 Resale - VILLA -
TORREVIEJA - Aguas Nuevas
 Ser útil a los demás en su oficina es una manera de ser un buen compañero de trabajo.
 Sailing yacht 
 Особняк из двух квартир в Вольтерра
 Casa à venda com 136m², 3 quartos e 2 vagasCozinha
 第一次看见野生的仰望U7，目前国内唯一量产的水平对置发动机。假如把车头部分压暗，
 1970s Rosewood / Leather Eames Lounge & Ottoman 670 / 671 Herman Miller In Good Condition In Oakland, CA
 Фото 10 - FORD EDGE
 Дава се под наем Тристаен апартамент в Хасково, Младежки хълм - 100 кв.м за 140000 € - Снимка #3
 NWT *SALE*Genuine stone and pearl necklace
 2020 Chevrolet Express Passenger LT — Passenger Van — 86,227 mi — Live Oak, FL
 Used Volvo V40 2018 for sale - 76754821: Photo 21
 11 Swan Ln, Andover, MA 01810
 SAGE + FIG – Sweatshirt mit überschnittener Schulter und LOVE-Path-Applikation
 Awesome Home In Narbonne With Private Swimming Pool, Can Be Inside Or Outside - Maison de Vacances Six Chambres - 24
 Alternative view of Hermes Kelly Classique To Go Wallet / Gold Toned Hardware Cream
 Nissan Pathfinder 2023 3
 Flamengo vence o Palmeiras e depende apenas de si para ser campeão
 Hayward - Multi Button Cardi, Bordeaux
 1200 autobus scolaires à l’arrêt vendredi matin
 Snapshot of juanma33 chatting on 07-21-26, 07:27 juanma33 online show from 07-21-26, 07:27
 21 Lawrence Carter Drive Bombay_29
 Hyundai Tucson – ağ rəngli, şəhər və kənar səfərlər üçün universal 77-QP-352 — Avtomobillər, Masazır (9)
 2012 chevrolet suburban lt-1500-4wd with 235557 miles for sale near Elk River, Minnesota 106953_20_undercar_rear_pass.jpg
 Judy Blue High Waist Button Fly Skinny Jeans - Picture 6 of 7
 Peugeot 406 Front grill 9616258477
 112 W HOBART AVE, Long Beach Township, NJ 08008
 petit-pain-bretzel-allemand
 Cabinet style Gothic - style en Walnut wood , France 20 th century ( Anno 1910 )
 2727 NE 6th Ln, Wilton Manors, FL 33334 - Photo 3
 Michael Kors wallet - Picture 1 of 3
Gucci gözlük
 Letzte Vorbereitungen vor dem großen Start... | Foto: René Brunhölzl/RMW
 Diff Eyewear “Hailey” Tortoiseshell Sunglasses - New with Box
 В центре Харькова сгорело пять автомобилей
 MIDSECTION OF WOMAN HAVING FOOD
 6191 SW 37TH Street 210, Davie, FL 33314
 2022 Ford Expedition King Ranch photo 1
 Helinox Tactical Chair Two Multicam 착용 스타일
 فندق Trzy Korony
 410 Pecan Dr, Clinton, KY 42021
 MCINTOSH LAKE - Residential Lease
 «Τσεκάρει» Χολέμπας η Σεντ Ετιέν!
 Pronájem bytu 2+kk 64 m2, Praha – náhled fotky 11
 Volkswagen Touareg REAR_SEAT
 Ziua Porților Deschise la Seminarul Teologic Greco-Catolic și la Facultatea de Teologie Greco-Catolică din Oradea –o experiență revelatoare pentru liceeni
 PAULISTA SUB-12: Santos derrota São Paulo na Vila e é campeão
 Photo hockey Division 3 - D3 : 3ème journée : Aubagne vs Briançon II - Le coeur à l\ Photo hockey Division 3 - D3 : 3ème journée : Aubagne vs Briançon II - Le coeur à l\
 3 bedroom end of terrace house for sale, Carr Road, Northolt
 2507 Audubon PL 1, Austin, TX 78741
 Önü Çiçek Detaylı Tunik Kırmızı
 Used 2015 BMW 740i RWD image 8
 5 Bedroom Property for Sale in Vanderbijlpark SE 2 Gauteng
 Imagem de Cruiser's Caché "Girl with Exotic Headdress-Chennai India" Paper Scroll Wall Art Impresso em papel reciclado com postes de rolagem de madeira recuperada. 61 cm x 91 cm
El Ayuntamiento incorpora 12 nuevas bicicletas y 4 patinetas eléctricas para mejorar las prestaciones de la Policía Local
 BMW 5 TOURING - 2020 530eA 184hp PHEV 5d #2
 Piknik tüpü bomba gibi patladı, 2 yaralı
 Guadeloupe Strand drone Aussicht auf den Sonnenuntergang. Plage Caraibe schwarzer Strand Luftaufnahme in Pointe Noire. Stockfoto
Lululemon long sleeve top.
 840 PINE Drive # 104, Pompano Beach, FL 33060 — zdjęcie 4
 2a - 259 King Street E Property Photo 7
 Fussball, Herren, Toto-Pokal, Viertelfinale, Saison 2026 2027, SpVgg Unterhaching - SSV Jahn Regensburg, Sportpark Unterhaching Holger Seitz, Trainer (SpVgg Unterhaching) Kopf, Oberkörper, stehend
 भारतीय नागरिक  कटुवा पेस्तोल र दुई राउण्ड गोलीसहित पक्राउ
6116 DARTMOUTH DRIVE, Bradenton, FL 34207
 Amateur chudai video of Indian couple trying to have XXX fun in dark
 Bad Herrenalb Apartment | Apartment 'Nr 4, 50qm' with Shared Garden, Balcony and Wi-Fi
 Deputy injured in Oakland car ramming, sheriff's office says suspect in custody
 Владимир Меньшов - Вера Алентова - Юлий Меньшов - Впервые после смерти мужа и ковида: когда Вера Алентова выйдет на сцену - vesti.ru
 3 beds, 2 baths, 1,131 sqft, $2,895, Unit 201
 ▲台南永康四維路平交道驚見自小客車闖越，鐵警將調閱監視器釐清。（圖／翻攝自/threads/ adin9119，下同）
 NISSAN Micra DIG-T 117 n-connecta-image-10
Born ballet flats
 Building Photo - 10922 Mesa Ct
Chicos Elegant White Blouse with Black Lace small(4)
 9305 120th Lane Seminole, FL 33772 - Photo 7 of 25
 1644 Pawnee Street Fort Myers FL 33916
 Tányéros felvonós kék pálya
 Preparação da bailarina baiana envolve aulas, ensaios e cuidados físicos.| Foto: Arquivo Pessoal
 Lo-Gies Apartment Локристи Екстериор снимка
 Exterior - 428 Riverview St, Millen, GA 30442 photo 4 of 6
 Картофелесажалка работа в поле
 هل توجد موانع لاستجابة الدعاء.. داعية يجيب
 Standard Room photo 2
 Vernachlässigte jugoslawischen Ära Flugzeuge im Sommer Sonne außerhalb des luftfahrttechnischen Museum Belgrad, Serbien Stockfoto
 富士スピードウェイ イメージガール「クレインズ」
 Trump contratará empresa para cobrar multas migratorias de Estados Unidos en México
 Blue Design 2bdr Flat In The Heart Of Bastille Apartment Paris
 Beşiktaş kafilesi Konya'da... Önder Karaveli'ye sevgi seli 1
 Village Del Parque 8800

» **Problem description**:
Return the lines exactly as they stand, please. Start at the top of the material and finish with the line where "Дава се под" appears.

» **Exercise output**:
 Resale - VILLA -
TORREVIEJA - Aguas Nuevas
 Ser útil a los demás en su oficina es una manera de ser un buen compañero de trabajo.
 Sailing yacht 
 Особняк из двух квартир в Вольтерра
 Casa à venda com 136m², 3 quartos e 2 vagasCozinha
 第一次看见野生的仰望U7，目前国内唯一量产的水平对置发动机。假如把车头部分压暗，
 1970s Rosewood / Leather Eames Lounge & Ottoman 670 / 671 Herman Miller In Good Condition In Oakland, CA
 Фото 10 - FORD EDGE
 Дава се под наем Тристаен апартамент в Хасково, Младежки хълм - 100 кв.м за 140000 € - Снимка #3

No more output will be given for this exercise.